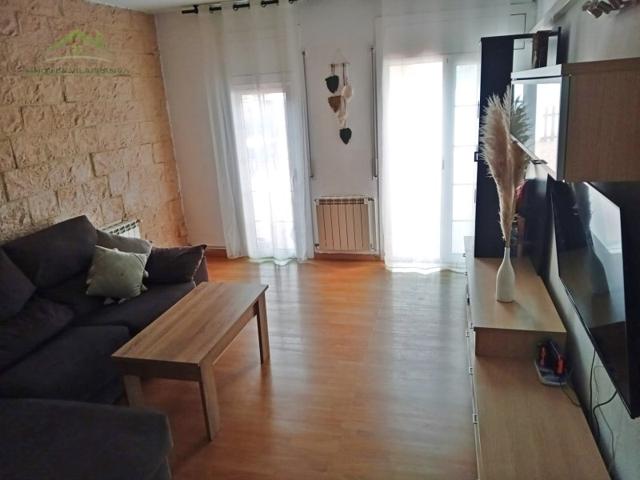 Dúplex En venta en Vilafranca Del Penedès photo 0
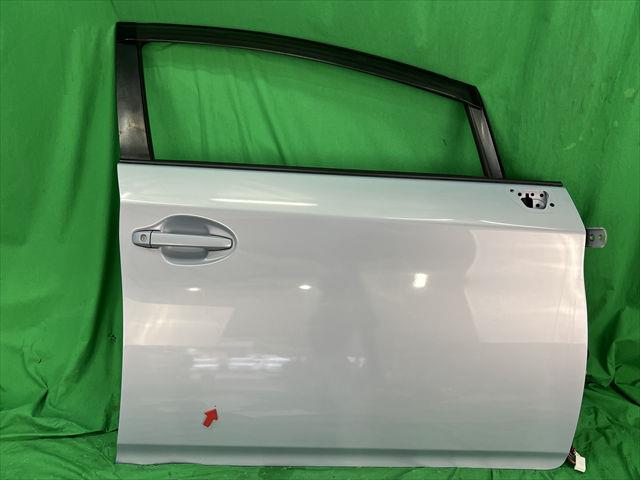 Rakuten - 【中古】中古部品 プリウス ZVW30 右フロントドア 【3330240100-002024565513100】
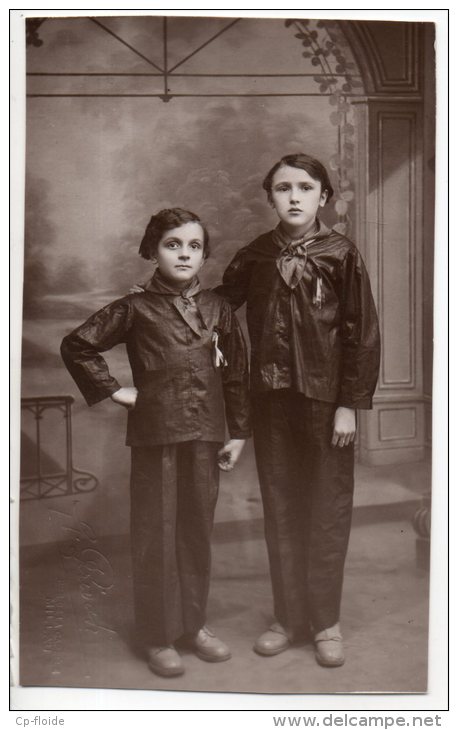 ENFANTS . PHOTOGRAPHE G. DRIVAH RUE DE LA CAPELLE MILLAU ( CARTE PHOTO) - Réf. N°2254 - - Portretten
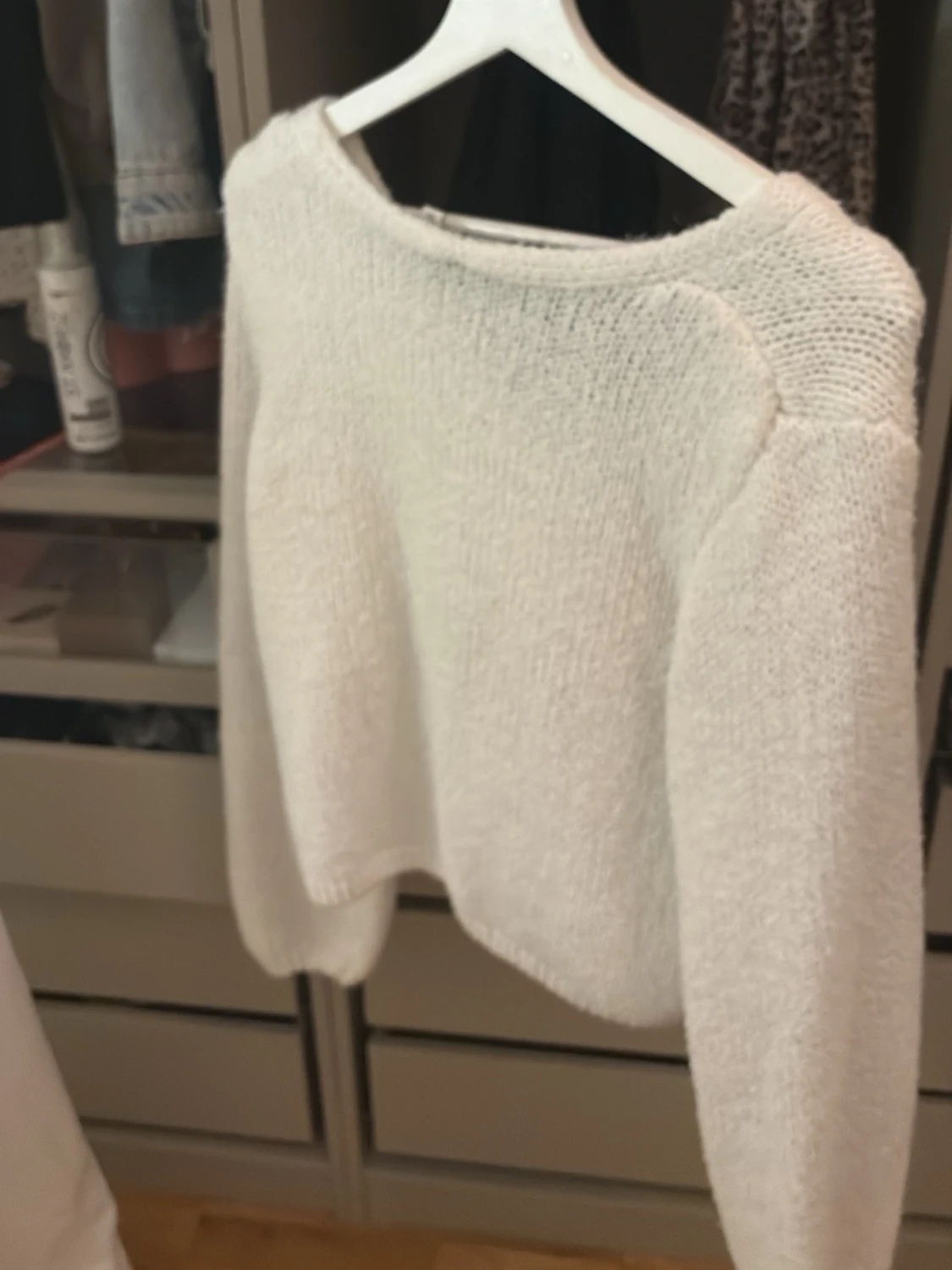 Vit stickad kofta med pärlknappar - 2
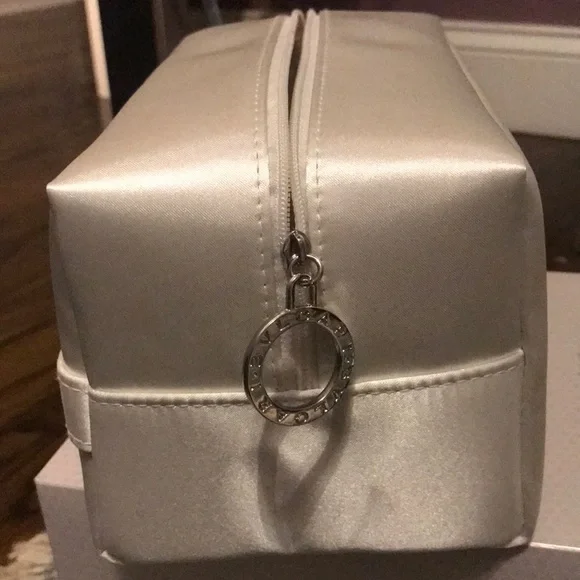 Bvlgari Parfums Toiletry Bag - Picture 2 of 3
* * *
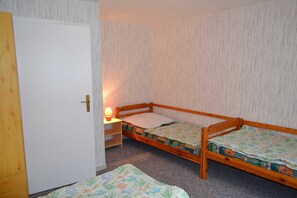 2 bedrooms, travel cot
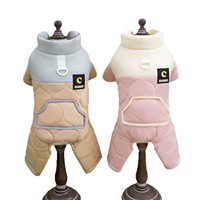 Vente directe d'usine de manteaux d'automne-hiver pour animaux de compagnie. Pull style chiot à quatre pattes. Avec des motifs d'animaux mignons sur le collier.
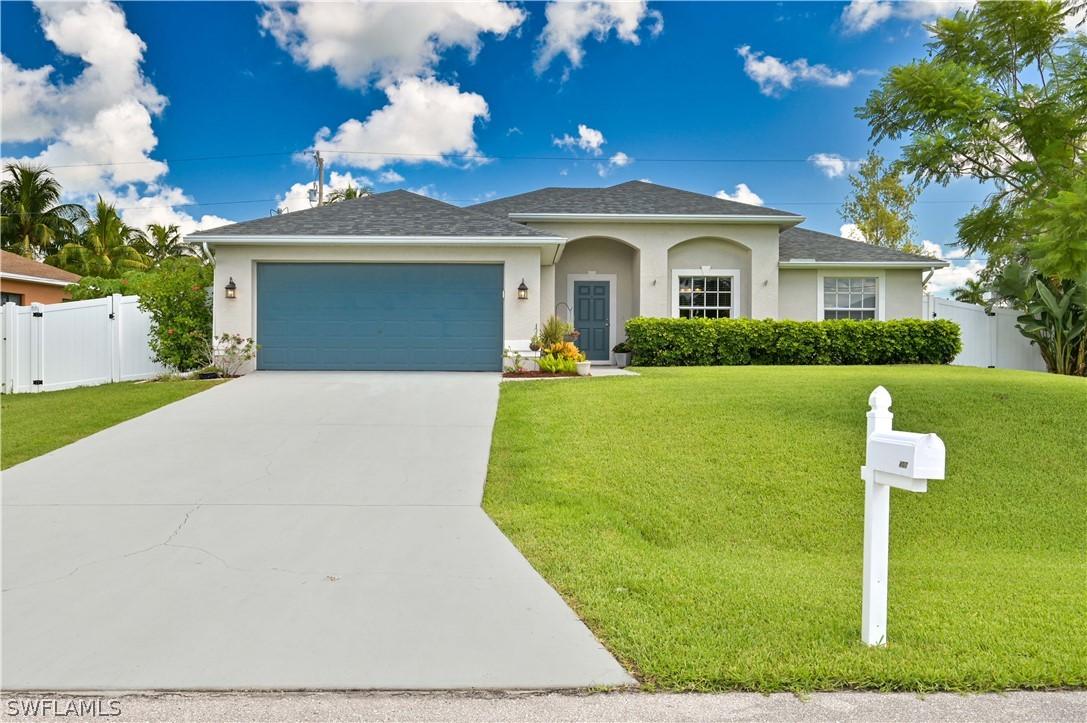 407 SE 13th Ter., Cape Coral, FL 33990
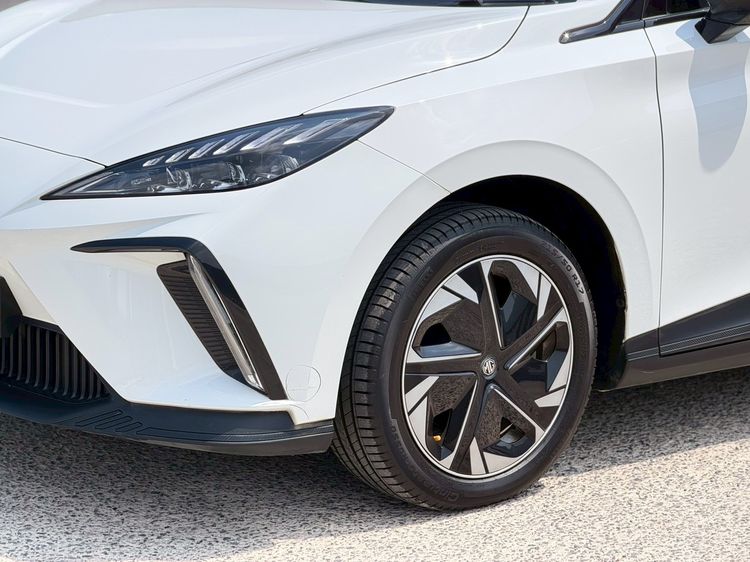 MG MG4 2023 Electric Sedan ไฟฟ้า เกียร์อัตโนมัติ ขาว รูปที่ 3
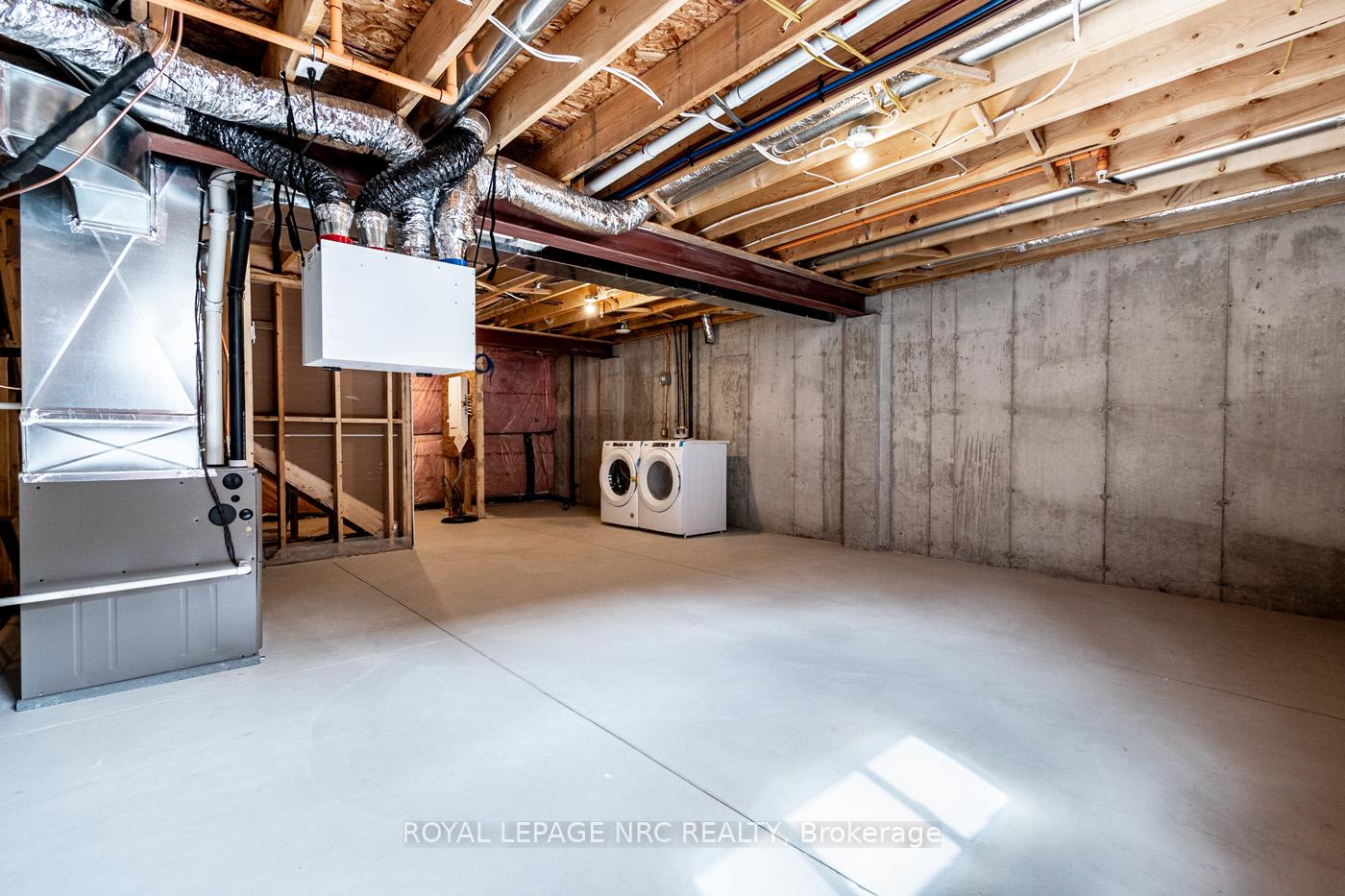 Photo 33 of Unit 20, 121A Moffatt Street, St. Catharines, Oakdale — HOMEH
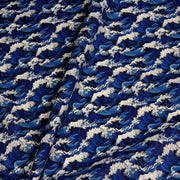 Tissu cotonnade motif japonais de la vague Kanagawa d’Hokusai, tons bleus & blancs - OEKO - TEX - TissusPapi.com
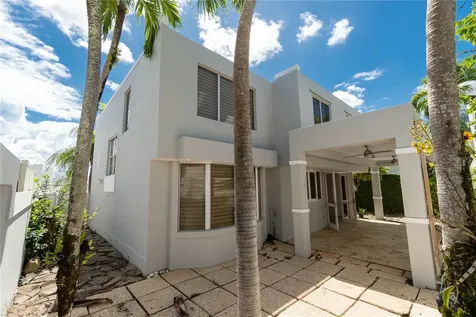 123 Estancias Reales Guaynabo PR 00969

EXERCISE REQUIREMENTS >>
An exact copy of the lines above from the one with "Photo 33 of" up to and including the one with "123 Estancias Reales Guaynabo PR 00969" is required; reproduce only those lines, omitting all pictures.

OUTPUT FOR THIS TASK >>
 Photo 33 of Unit 20, 121A Moffatt Street, St. Catharines, Oakdale — HOMEH
 Tissu cotonnade motif japonais de la vague Kanagawa d’Hokusai, tons bleus & blancs - OEKO - TEX - TissusPapi.com
 123 Estancias Reales Guaynabo PR 00969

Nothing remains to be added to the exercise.